Decreased functional connectivity to posterior cingulate cortex in major depressive disorder.

Author information

1
The Affiliated Xi'an Central Hospital of Medical College of Xi'an Jiaotong University, Xi'an 710003, China; Key Laboratory of Environment and Gene Related Diseases, Ministry of Education, Xi'an Jiaotong University, Xi'an 710061, China; Xi'an Central Hospital, Xi'an 710003, China.
2
The Affiliated Xi'an Central Hospital of Medical College of Xi'an Jiaotong University, Xi'an 710003, China.
3
The Affiliated Xi'an Central Hospital of Medical College of Xi'an Jiaotong University, Xi'an 710003, China; Xi'an Central Hospital, Xi'an 710003, China.
4
Key Laboratory of Environment and Gene Related Diseases, Ministry of Education, Xi'an Jiaotong University, Xi'an 710061, China; Key Laboratory of Health Ministry for Forensic Science, Xi'an Jiaotong University, Xi'an 710061, China.
5
Department of Psychological and Brain Sciences, Indiana University, Bloomington, IN 47405, USA.

Abstract

The default mode network (DMN) and its interaction with other key networks such as the salience network and executive network are keys to understand psychiatric and neurological disorders including major depressive disorder (MDD).
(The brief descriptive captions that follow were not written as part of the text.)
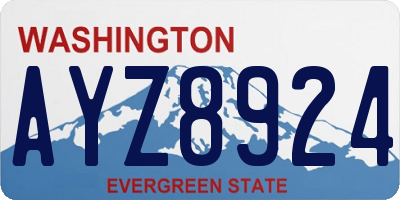 WA license plate AYZ8924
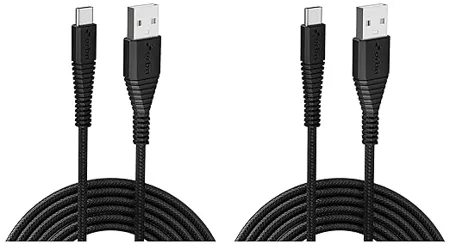 URBN Type C USB 3 4 Amp 25W Fast Charging Cable for Smartphone Unbreakable Rugged Nylon Braided Quick Charge QC Compatible Made in India Length 5 Feet Black Pack of 2 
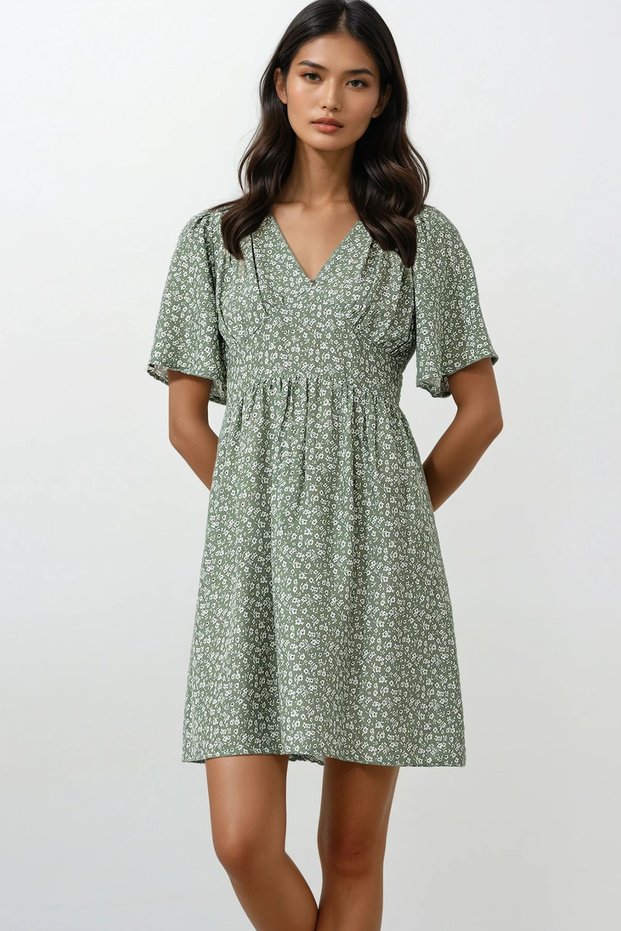 Women's Khaki V-Neck Short Sleeve Floral Patterned Skirt Flounced Woven Dress Alc-X11742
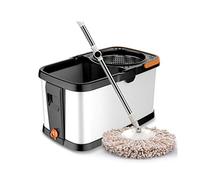 Mop Rotante， Set di mocio Rotante e Secchio salvaspazio con erogatore for mocio for Pavimenti a 360°, Set di Secchio Rotante con mocio in Microfibra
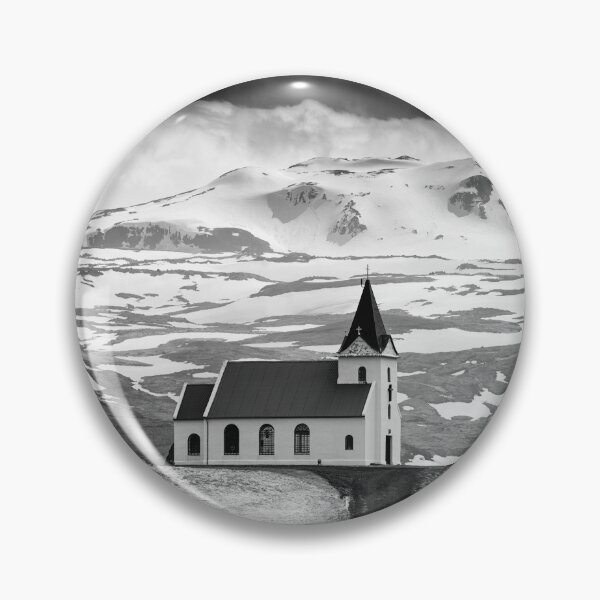 Item preview, Iceland Ingjaldsholl church and mountains black and white designed and sold by mhfoto.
In this study, we combined independent component analysis and seed based connectivity analysis to study the posterior default mode network between 20 patients with MDD and 25 normal controls, as well as pre-treatment and post-treatment conditions of the patients. Both correlated and anti-correlated networks centered at the posterior cingulate cortex (PCC) were examined (PCC+ and PCC-). Our results showed aberrant functional connectivity of the PCC+ and PCC- networks between patients and normal controls. Specifically, normal controls exhibited significantly higher connectivity between the PCC and frontal/temporal regions for the PCC+ network and stronger connectivity strength between the PCC and the insula/middle frontal cortex for the PCC- network. The overall connectivity strength of the PCC+ and PCC- networks was also significantly lower in MDD. Because the PCC is a hub in the DMN that interacts with other networks, our result suggested a stronger interaction between the DMN and the salience network but a weak interaction between the DMN and the executive network in MDD. The treatment using sertraline did increase the functional connectivity strength, especially in the PCC+ network. Despite a large inter-subject variability in the overall connectivity strengths and change of the PCC network in response to the treatment, a high correlation between change of connectivity strength and the Hamilton depression score was observed for both the PCC+ and PCC- network.